Senior Scottish Conservatives believe the new tax powers which the UK Government has promised to hand over to Holyrood should be able to be used to cut income tax north of the Border.
This would allow the Conservatives to go into the election next year with a radical tax-cutting platform and put "clear blue water" between themselves and the other main parties in Scotland.
They also hope such an eye-catching policy would help them recover from their dismal performance in this year's general election, when they again only won one seat in Scotland.
Using the Calman tax powers, which the UK government pledged this week to introduce, will be one of the key issues dealt within the Scottish Tories' internal policy review, which is about to get underway.
One senior source said that the aim was to make Scotland "more competitive and that means the most competitive part of the UK.
" We instinctively want lower taxes," he said, adding that the Calman tax plans would provide the party with an opportunity to advocate a proper tax-cutting agenda that it hadn't been able to do in the past.

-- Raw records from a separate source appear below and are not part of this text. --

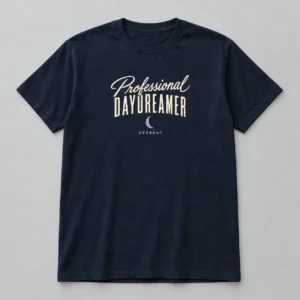Professional Daydreamer Tee in navy with a compact chest print — concept mockup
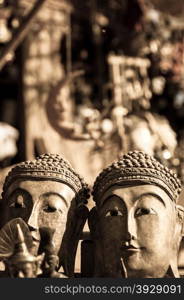 Two buddha heads in sepia. Two sepia buddha heads made of stone bagan myanmar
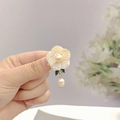 Dettaglio ravvicinato di orecchini a fiore con perla e foglia smaltata verde - Bianco Fiore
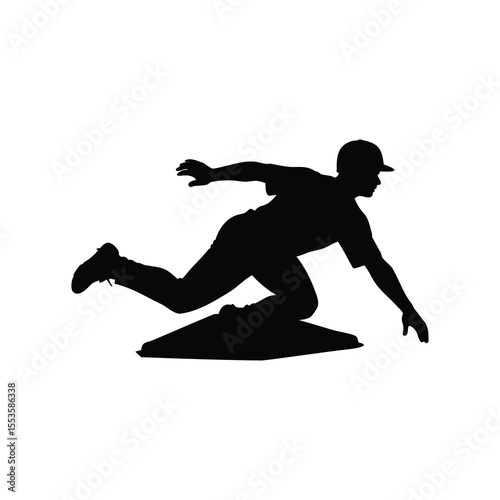 Silhouette of baseball player sliding into base during a game action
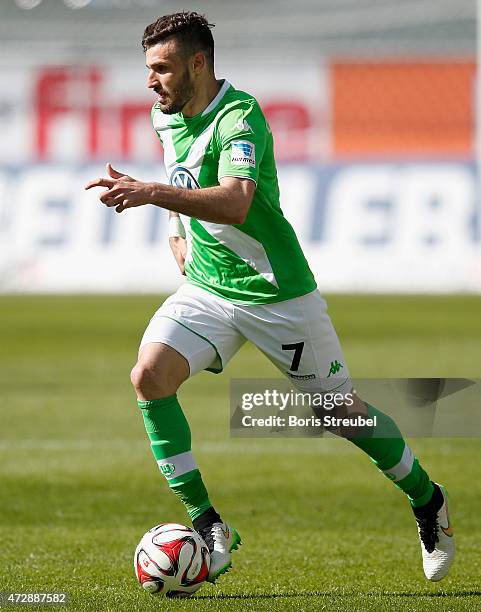 Daniel Caligiuri of Paderborn runs with the ball during the Bundesliga match between SC Paderborn and VfL Wolfsburg at Benteler Arena on May 10, 2015...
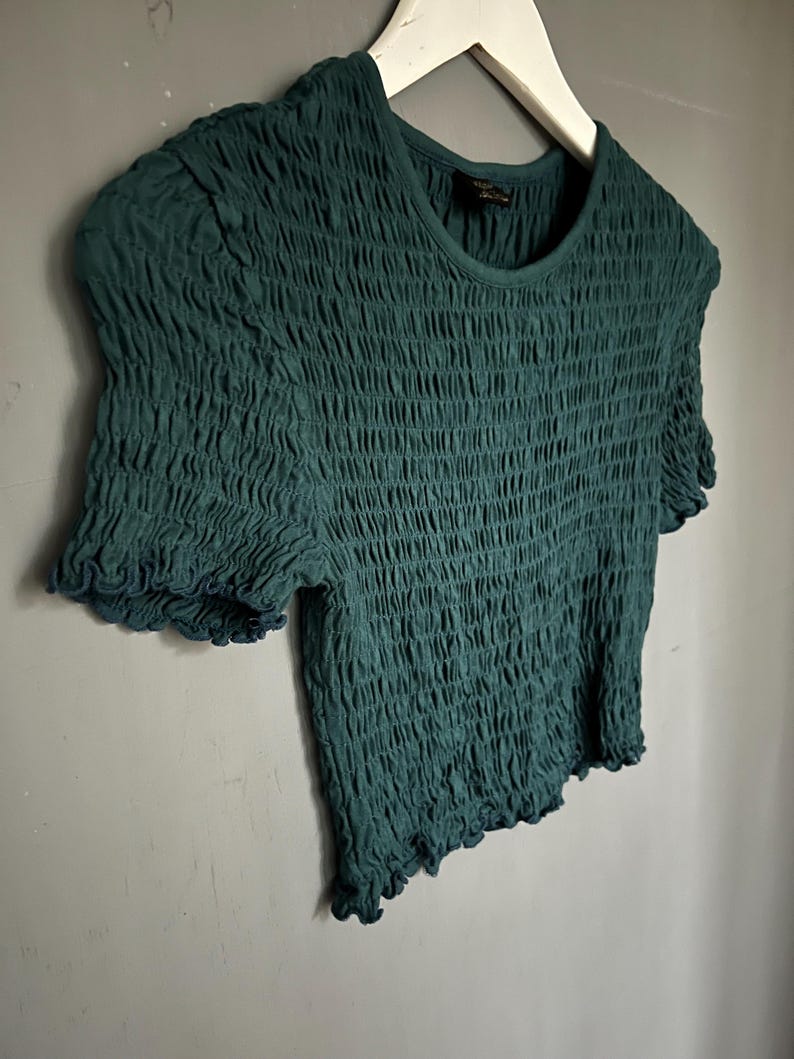K&ouml;nnte beinhalten: Ein teal-gr&uuml;nes Oberteil mit kurzen &Auml;rmeln und einem strukturierten, ger&uuml;schten Design. Das Shirt hat einen runden Ausschnitt und ger&uuml;schte Kanten an den &Auml;rmeln und am Saum. Das Kleidungsst&uuml;ck h&auml;ngt an einem wei&szlig;en Kleiderb&uuml;gel vor einer grauen Wand.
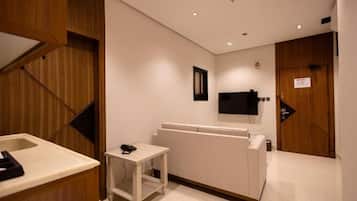 A hotel room with a wooden accent wall, a small bedside table with a phone, a flat-screen TV mounted on the wall, and a wooden door with a sign.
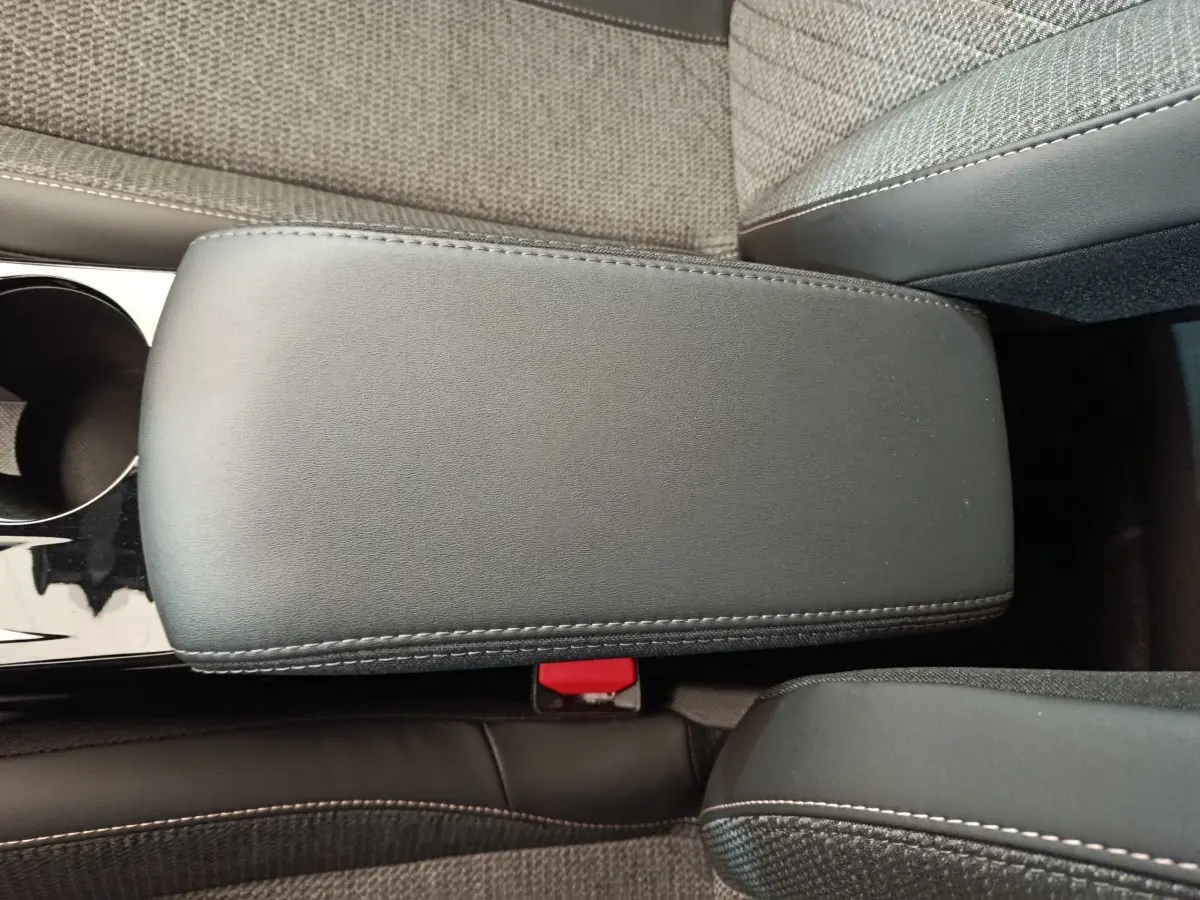 Accoudoir central noir en cuir et tissu gris clair dans l'habitacle d'une Peugeot 208 PureTech 100 S&S Allure 2025.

The Calman Commission proposals include plans to hand power over the top 10p of income tax to the Scottish Parliament.
The Scottish Government would then have to decide on what level of tax it wanted to set. It would no longer just be able to accept a block grant from Westminster with no responsibility for money raised.
The Tories believe that cutting taxes would make Scotland more attractive for businesses and migrants.
Derek Brownlee, the party's finance spokesman and head of the review team, said no final decisions had yet been made on the manifesto content.
"We want to have a wide-ranging engagement with every part of Scotland, every sector of society," Brownlee said.
"Every member of the party will be able to contribute to policy development and we want to go wider than that, to listen to people who are not Conservatives," he said.
And he added: "Some of the most exciting political ideas have come from the centre-right and there is no reason why we cannot become the party of ideas."
The party's opposition to a referendum on independence will also be up for debate, although privately the leadership does not expect any change in approach to this fundamental issue.
Some Tory grandees, including Lord Tebbit, have suggested a total break between the Scottish and UK parties and a new right-of-centre party for Scotland, under a different name. But this will also not be part of Brownlee's review.
Any such proposals to change the party's structure would have to be dealt with by the party's ruling council, and that is not expected to recommend anything too radical – at least ahead of next year's Scottish elections.